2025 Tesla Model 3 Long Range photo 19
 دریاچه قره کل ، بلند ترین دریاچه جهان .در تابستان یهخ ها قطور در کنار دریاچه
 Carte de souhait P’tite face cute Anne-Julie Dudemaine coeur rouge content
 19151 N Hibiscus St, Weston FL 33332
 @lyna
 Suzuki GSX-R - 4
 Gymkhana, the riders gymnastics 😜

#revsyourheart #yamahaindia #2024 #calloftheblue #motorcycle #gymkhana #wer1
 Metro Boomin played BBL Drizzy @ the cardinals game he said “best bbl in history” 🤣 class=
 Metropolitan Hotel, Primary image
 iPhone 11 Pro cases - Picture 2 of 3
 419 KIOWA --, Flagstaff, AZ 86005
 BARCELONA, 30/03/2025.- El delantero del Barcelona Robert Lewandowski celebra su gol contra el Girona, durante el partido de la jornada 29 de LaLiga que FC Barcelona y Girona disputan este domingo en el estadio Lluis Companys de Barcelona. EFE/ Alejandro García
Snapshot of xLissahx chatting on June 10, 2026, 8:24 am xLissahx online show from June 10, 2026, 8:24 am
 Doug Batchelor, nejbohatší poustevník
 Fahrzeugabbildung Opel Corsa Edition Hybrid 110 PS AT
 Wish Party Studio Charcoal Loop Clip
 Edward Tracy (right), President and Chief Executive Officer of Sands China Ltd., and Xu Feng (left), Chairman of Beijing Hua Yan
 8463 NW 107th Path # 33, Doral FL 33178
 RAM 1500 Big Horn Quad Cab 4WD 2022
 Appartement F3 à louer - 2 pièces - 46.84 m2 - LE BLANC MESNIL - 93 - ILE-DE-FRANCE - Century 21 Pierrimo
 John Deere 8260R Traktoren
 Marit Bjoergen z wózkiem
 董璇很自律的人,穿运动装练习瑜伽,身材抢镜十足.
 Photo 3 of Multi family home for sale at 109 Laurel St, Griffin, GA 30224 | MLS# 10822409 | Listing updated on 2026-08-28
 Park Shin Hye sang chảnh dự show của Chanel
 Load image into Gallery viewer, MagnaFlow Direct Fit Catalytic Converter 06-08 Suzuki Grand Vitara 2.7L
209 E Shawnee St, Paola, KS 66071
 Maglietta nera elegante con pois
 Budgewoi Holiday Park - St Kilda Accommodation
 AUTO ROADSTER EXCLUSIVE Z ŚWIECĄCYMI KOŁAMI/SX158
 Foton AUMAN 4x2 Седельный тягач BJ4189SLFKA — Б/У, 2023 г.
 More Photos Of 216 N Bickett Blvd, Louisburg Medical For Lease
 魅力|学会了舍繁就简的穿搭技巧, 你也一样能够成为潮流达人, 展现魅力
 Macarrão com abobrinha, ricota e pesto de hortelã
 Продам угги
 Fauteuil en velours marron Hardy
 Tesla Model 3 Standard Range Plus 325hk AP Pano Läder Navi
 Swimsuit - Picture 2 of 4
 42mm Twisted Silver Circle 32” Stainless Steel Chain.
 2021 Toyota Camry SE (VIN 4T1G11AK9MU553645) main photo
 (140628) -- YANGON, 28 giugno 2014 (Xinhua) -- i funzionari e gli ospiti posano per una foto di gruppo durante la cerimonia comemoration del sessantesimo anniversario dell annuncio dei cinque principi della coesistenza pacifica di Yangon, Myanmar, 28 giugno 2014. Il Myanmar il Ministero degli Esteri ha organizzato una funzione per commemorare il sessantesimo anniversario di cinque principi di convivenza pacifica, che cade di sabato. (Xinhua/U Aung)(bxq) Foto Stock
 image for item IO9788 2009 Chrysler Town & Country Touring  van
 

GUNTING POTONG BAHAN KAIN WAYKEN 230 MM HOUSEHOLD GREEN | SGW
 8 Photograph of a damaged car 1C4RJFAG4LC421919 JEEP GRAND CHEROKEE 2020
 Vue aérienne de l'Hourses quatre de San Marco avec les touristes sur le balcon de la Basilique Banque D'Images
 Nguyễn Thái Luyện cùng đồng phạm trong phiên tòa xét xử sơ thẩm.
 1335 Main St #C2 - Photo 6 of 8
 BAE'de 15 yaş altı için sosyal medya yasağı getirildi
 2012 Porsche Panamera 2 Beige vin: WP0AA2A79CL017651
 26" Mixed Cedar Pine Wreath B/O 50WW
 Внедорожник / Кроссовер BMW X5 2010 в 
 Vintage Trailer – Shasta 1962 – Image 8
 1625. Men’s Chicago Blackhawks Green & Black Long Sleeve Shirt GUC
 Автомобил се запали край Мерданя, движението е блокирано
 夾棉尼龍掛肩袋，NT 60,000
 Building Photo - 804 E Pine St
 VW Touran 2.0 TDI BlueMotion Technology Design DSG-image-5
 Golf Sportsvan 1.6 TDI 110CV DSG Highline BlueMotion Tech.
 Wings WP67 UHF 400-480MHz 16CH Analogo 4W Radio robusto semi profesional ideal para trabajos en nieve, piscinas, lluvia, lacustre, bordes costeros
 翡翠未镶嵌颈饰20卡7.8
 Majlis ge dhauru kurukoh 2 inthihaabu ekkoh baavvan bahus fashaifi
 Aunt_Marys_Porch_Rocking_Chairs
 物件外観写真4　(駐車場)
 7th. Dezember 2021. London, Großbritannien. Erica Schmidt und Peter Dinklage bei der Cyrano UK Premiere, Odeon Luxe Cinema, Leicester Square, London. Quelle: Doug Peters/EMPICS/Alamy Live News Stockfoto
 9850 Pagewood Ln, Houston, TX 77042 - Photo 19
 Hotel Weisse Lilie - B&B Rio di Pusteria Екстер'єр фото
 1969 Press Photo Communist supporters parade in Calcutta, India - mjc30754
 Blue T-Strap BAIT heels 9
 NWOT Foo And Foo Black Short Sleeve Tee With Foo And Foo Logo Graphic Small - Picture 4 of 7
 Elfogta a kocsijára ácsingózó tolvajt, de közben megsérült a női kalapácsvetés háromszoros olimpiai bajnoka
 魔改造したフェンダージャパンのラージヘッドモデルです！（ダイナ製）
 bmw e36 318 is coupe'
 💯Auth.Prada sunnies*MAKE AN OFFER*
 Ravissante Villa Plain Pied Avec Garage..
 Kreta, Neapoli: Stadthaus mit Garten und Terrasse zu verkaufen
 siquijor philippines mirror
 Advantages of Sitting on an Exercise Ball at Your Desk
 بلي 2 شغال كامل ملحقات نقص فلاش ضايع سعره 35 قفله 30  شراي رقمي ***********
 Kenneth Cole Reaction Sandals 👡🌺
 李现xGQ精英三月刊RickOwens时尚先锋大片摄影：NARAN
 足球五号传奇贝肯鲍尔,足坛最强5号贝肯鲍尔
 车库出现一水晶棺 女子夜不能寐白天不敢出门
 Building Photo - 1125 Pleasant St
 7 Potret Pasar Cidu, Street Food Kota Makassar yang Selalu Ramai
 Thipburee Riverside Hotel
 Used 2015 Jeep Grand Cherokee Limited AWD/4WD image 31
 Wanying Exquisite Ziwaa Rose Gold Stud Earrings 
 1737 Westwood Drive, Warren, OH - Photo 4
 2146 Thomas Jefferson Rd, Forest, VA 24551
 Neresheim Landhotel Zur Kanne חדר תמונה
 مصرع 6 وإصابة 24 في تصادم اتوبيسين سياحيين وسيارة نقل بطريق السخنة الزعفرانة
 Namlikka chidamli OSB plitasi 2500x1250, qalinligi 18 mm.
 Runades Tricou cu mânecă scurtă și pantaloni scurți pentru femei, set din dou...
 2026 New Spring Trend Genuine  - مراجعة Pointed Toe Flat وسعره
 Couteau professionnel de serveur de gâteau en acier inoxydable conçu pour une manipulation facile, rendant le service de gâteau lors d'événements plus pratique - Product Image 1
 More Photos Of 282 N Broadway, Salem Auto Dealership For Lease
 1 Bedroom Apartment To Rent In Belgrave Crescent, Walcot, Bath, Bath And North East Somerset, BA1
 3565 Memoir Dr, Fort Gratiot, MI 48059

··········

» **Prompt**
Restate word for word only the lines above from the line containing "Blue T-Strap BAIT heels 9" to the line containing "足球五号传奇贝肯鲍尔,足坛最强5号贝肯鲍尔", both of them included.

» **Answer to the problem**
 Blue T-Strap BAIT heels 9
 NWOT Foo And Foo Black Short Sleeve Tee With Foo And Foo Logo Graphic Small - Picture 4 of 7
 Elfogta a kocsijára ácsingózó tolvajt, de közben megsérült a női kalapácsvetés háromszoros olimpiai bajnoka
 魔改造したフェンダージャパンのラージヘッドモデルです！（ダイナ製）
 bmw e36 318 is coupe'
 💯Auth.Prada sunnies*MAKE AN OFFER*
 Ravissante Villa Plain Pied Avec Garage..
 Kreta, Neapoli: Stadthaus mit Garten und Terrasse zu verkaufen
 siquijor philippines mirror
 Advantages of Sitting on an Exercise Ball at Your Desk
 بلي 2 شغال كامل ملحقات نقص فلاش ضايع سعره 35 قفله 30  شراي رقمي ***********
 Kenneth Cole Reaction Sandals 👡🌺
 李现xGQ精英三月刊RickOwens时尚先锋大片摄影：NARAN
 足球五号传奇贝肯鲍尔,足坛最强5号贝肯鲍尔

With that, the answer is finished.